Latest News Wed, Nov 20, 2024 7:17 AM
Make UK has launched the Industrial Strategy Skills Commission to find a solution to the growing skills deficit in manufacturing and engineering across the country.
Make UK has brought together some of the most qualified experts in education, training and industry to diagnose the wide scale problems in the skills system and create an effective talent pathway into manufacturing.
It is this skilled workforce pipeline which will be critical to the success of the new Industrial Strategy to drive growth and digital transformation in manufacturing over the next few years.
Co-chaired by former Minster for Skills, Apprenticeships and Higher Education Robert Halfon and former Deputy Leader of the Labour Party Tom Watson, Baron Watson of Wyre Forest, the Industrial Strategy Skills Commission will identify key priorities that Government must address to support vital skills creation, while highlighting emerging issues so industry and Government can respond effectively.
The Commissioners will be supported by an advisory group of leading education experts, industry experts and policy makers.
Commission members:
Advisory Board:
Manufacturers are still struggling to recruit with some 58,000 unfilled live vacancies, while the talent pipeline continues to decline at an alarming rate. Apprentice starts are down 42% since the Apprenticeship Levy was introduced seven years ago and T-levels, designed to deliver much-needed technical skills into industry, still do not have the required uptake to make a meaningful difference.
Over the coming months, the Industrial Strategy Skills Commission will meet regularly, supported by an advisory board from across the skills and industry spectrum. The Commissioners will draw from a mix of written evidence from the widest possible range of stakeholders and will make on-site visits to manufacturers and training providers to look at best practice as part of their solution gathering. Their findings will be reported into the Government early next year.
Robert Halfon, Co-Chair of Make UK’s Industrial Strategy Skills Commission said: “The new Industrial Strategy Skills Commission has urgent work to do. This unique bringing together of business, industry, government, educational experts and providers and policy makers must change the perceptions of working in industry and find the quickest and most effective way of attracting the best talent into the engineering and manufacturing sectors.
“The new Government has committed to reforming the current Apprenticeship Levy and replacing it with a Skills and Growth Levy. But it is imperative that we make sure this new levy provides enough of the right apprenticeship opportunities at all levels so that employers across the length and breadth of the country have access to the skills they and our country need to grow.”
Tom Watson, Baron Watson of Wyre Forest and Co-Chair of Make UK’s Industrial Strategy Skills Commission, added: “I have long advocated for a robust Industrial Strategy and supported Make UK in highlighting how the United Kingdom was unique among advanced economies in lacking such a strategy, a gap which has stifled our industrial success.
“Labour’s new Industrial Strategy will be pivotal in reigniting growth and providing a much-needed boost to British industry, which requires a stable environment to foster investment, unlike the inconsistent initiatives of recent years. At its core, the strategy must include a dynamic and practical skills plan to supply the trained workforce businesses desperately need to thrive.”
Stephen Phipson CBE, CEO of Make UK, the manufacturers’ organisation said: “The Industrial Strategy can only succeed if businesses have access to people with the right skills. The new Industrial Strategy Skills Commission will look at the cumulative training and recruitment issues currently facing the manufacturing sector and drill down for the best solutions.

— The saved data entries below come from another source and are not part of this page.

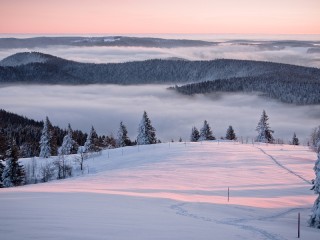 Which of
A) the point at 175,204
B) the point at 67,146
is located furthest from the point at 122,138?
the point at 175,204

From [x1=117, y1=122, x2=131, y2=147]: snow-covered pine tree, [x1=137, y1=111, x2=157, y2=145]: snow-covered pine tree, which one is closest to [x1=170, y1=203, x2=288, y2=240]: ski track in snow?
[x1=137, y1=111, x2=157, y2=145]: snow-covered pine tree

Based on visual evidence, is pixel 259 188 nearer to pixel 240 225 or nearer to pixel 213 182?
pixel 213 182

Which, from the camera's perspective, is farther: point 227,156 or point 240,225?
point 227,156

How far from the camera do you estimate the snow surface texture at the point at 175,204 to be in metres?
12.3

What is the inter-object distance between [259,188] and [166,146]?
102 ft

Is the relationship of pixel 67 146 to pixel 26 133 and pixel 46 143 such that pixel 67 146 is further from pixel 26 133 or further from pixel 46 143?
pixel 26 133

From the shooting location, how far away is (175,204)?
20.7 meters

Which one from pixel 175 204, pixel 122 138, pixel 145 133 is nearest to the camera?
pixel 175 204

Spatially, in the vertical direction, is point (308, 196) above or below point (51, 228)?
below

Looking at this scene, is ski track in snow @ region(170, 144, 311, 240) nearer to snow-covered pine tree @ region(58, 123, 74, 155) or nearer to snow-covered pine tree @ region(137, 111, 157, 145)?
snow-covered pine tree @ region(137, 111, 157, 145)

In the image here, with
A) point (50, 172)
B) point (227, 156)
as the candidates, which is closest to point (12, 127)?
point (50, 172)

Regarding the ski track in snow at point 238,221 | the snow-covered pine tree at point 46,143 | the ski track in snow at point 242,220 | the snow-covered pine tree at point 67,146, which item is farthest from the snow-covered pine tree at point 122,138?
the ski track in snow at point 238,221

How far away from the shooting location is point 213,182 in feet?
102

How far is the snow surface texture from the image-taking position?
12.3m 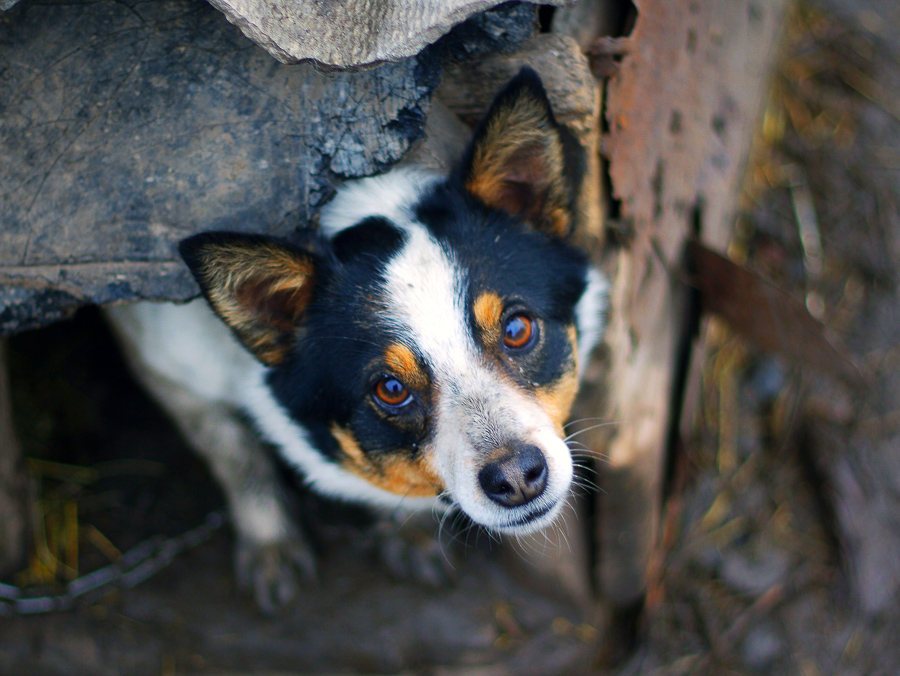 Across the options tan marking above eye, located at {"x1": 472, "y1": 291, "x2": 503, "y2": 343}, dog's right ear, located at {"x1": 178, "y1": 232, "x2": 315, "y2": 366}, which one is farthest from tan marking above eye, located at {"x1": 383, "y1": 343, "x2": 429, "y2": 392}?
dog's right ear, located at {"x1": 178, "y1": 232, "x2": 315, "y2": 366}

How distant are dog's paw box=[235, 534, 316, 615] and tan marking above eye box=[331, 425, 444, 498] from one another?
0.78 metres

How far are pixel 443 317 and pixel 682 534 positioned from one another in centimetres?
176

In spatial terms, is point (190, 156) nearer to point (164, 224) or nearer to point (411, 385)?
point (164, 224)

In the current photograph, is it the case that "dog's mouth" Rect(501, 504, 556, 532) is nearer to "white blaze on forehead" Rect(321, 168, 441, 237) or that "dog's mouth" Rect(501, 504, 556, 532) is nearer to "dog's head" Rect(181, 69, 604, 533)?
"dog's head" Rect(181, 69, 604, 533)

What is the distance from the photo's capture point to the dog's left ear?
5.77 ft

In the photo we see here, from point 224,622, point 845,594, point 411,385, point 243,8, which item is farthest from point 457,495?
point 845,594

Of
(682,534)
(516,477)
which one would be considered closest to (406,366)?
(516,477)

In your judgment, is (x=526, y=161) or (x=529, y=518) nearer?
(x=529, y=518)

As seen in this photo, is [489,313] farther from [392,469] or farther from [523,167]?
[392,469]

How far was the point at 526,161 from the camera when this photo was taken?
197 centimetres

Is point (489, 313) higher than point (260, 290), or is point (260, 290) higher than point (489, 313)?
point (489, 313)

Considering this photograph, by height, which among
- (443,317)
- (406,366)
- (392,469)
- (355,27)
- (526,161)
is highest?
(355,27)

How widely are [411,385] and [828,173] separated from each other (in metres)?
2.80

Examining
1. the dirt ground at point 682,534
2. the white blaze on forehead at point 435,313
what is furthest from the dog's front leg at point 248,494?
the white blaze on forehead at point 435,313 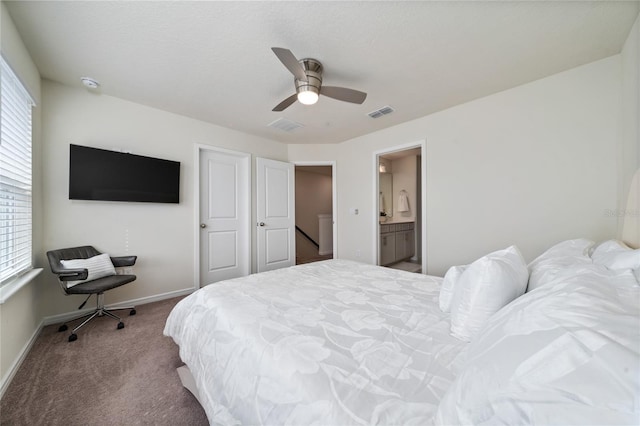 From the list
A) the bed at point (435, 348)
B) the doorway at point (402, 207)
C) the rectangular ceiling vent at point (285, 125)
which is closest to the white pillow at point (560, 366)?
the bed at point (435, 348)

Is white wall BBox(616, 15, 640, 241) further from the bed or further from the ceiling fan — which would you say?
the ceiling fan

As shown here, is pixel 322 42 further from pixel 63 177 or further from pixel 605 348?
pixel 63 177

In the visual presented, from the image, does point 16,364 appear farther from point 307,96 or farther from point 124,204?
point 307,96

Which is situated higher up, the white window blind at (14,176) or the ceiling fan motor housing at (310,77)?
the ceiling fan motor housing at (310,77)

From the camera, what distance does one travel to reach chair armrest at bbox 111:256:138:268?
101 inches

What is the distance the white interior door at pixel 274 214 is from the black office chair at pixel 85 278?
1789 millimetres

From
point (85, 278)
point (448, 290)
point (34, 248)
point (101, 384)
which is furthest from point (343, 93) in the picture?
point (34, 248)

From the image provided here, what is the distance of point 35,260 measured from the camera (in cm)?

“Our latest research is showing the demand for companies looking to upskill their current workforce continuing to rise at a time that the pipeline for technical teachers is declining. Add to that the fall in the number of new people coming into the sector, an ageing workforce and more people than ever taking early retirement, the result is significant skills gaps across the workforce which need to be tackled quickly if industry is to grow and prosper.”
The new Industrial Strategy Skills Commission will shortly issue a written call for evidence in order that the widest possible number of companies across the whole of the manufacturing sector can contribute to make sure the solutions work for all companies, large and small. The Commission will also be hosting targeted evidence panels to delve deeper into specific issues within the skills system.